Iceland adopted Christianity circa 1000 AD and paganism was outlawed until 1972.  One of the most significant objects at the museum is this tiny bronze figure of a man that dates from around 1000.  Most believe he is Thor, holding his hammer but some argue that he is Jesus, holding a cross.  What do you think?


Image from the National Museum of Iceland. Click for source.

  • While you ponder enjoy a video by Skalmold, a Viking metal band from Iceland!

Assorted Relics; The Holy Dexter, Jesus’ Crib and Royal Wedding Cake

Relics are the body parts and belongings of revered decedents.  Usually, relics are housed in beautiful containers called reliquaries.  Many cultures and religions have traditions of preserving relics and I often run into amazing reliquaries when I visit new places.

I saw one of my favorite- of- all- time relics  last winter in St. Stephen’s Basilica in Budapest. There, I beheld the reliquary that contains the rather spooky mummified right hand, “The Holy Dexter”, of St. Stephen, the founder and first king of Hungary.

Holy dexter

Image from Wikipedia. Click for source

Although St.Stephen died almost 1000 years ago, his hand is remarkably well preserved.  A sign in the church notes that the hand is “highly esteemed” by the nation.
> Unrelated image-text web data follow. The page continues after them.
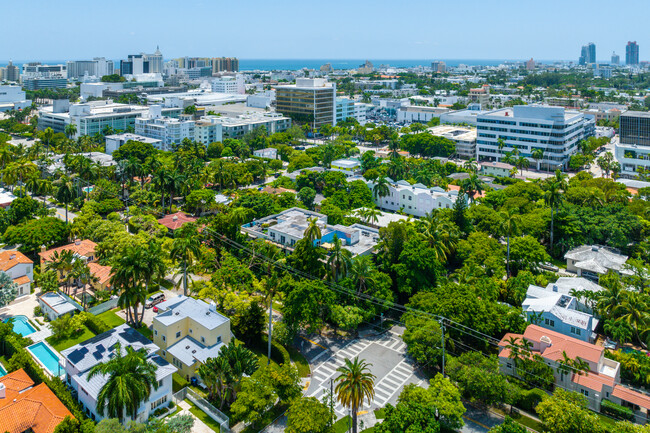 SOBE Gardens in Miami Beach, FL - Foto de edificio - Building Photo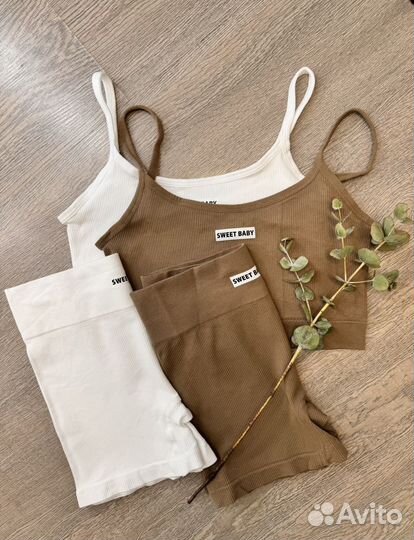 Комплект топ и шорты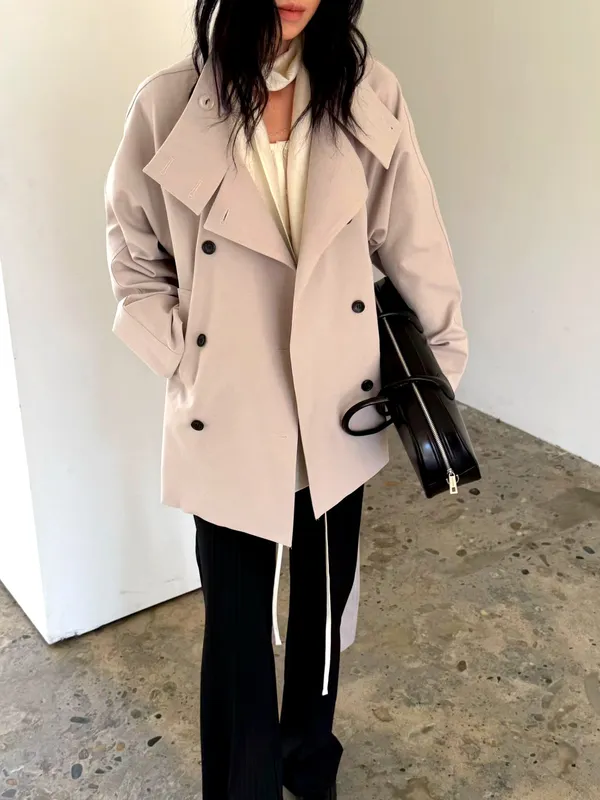 Stylish and Elegant Women's Jacket, Perfect for Spring and Autumn Outfits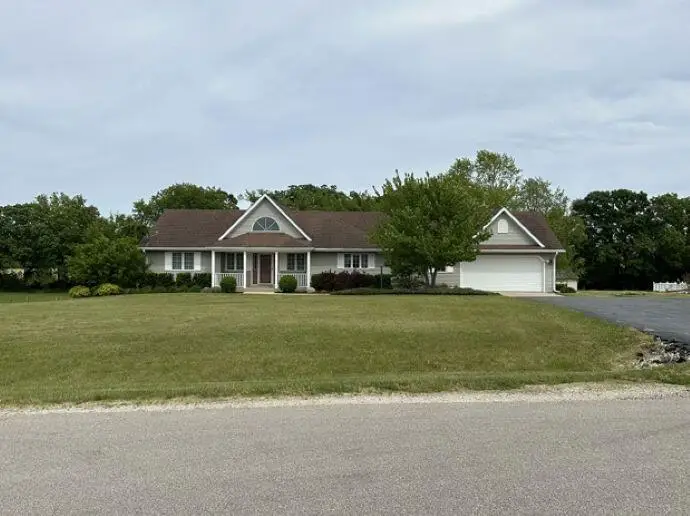 8651 Fieldstone Ct, Burlington, WI 53105 - #3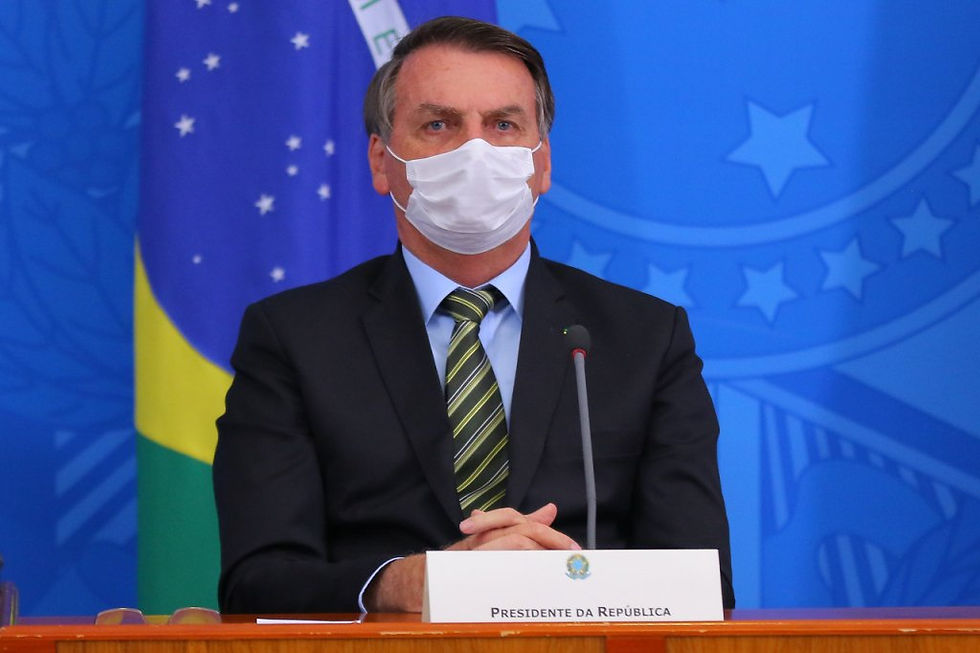 Bolsonaro diz em Live, que o ano de 2021 é o ano das vacinas...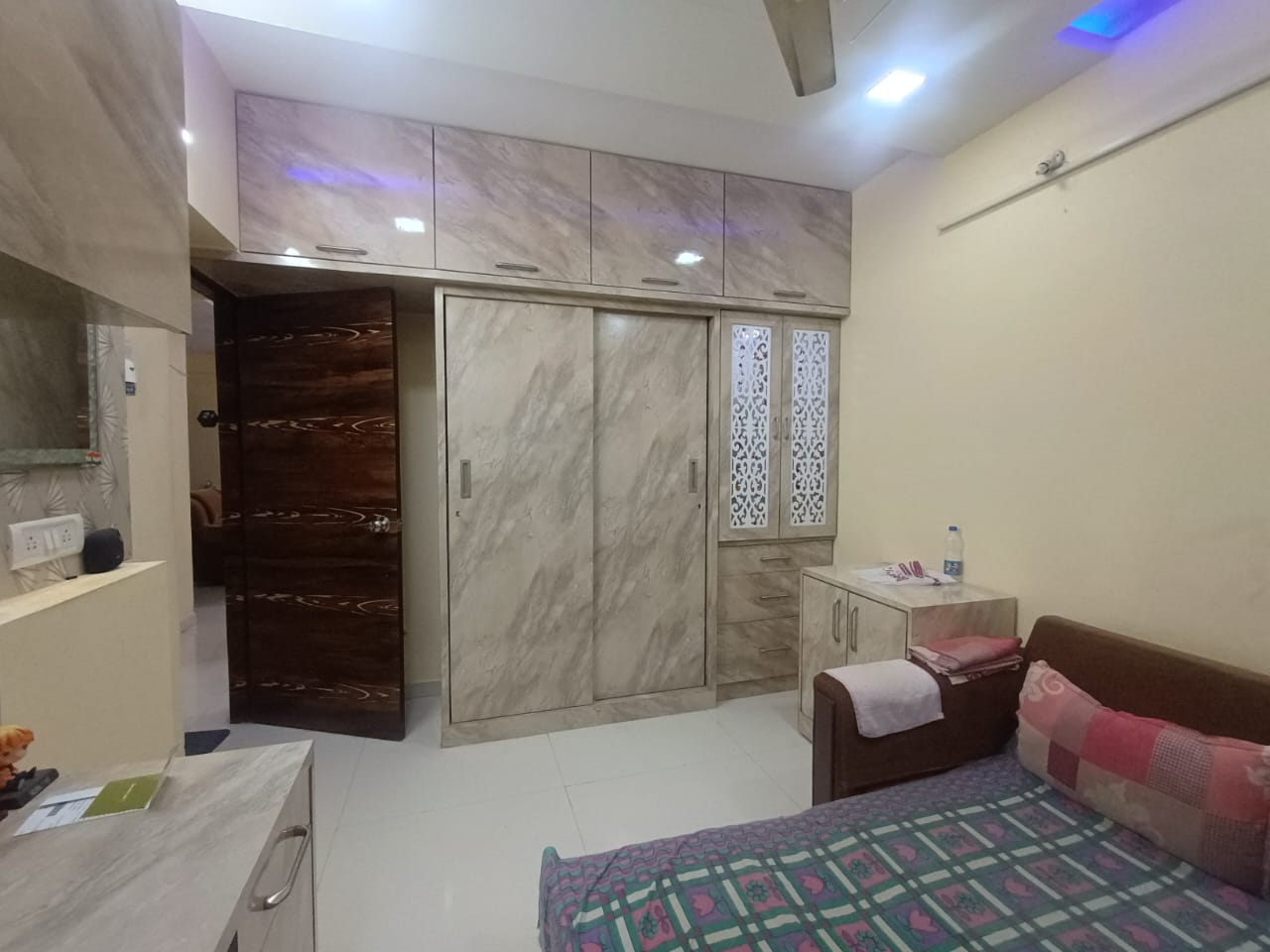 2 BHK + Servant Room Apartment For Rent in RNA Continental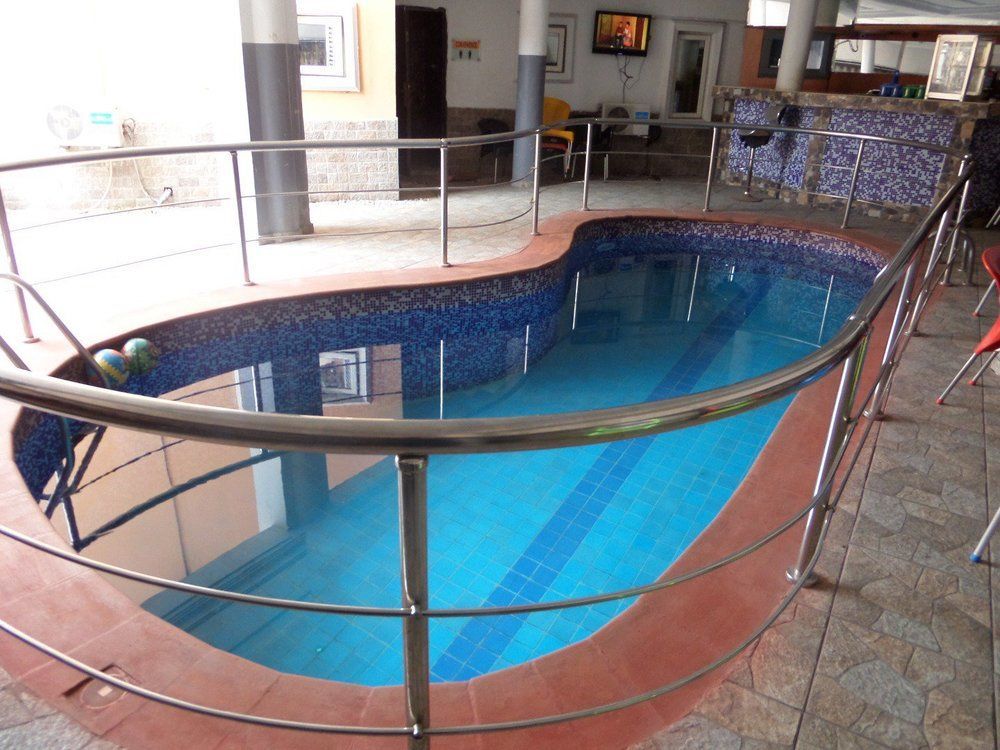 ฟลามิงโก โฮเต็ล แอนด์ สวีท Hotel Festac Town ภายนอก รูปภาพ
This winter I discovered a wonderfully huge and beautiful reliquary in the Basilica of Santa Maria Maggiore in Rome. If you walk all the way to the front of the church, there are stairs leading down to The Crypt of the Nativity that holds a giant reliquary said to contain wood from Jesus’ crib!



My photo.

After Rome, I came upon a bonanza of Roman Catholic reliquaries in the tiny hill town of Monreale, outside of Palermo, Sicily.  Although the town is small, it has a very famous cathedral dating from 1174.  Mostly to escape the rain, I ventured into the museum attached to the church and was gobsmacked by the many reliquaries I found. Here are some of my favorites, although there were many more:

monreale1 monreale2 monreale 3 monreale 4 monreale 5

Unfortunately, I couldn’t tell whose clearly visible bones or property were contained in the reliquaries.  Some had little typed labels inside the reliquaries, but to me they remain mysteries.




We continue to create relics and reliquaries in modern times.  For example, both John Lennon’s and Elvis’ teeth have been purchased (by a dentist, Dr. Michael Zuk) for preservation. The space suit that Neal Armstrong wore on the moon is also being preserved for future generations.

And last semester we learned that a piece of wedding cake from the 1981 wedding of Princess Di and Prince Charles was  purchased for $1375 in an online auction!

Image from The New York Daily News.  Click for source.

Wedding cake relic in original waxed paper wrapper and box.  Image from The New York Daily News. Click for source.


A few  months later, a slice of Prince William’s wedding cake (from his 2011 marriage to Kate) sold for $7500!


Image from The Sun. Click for source.


According to The Telegraph, there is  “a small but dedicated group of royal cake collectors.  Some … have purchased cakes dating to the days of Britain’s Queen Victoria, who married in 1840.”

I don’t know how collectors preserve old cake, but I love that they are creating sweet modern royal relics!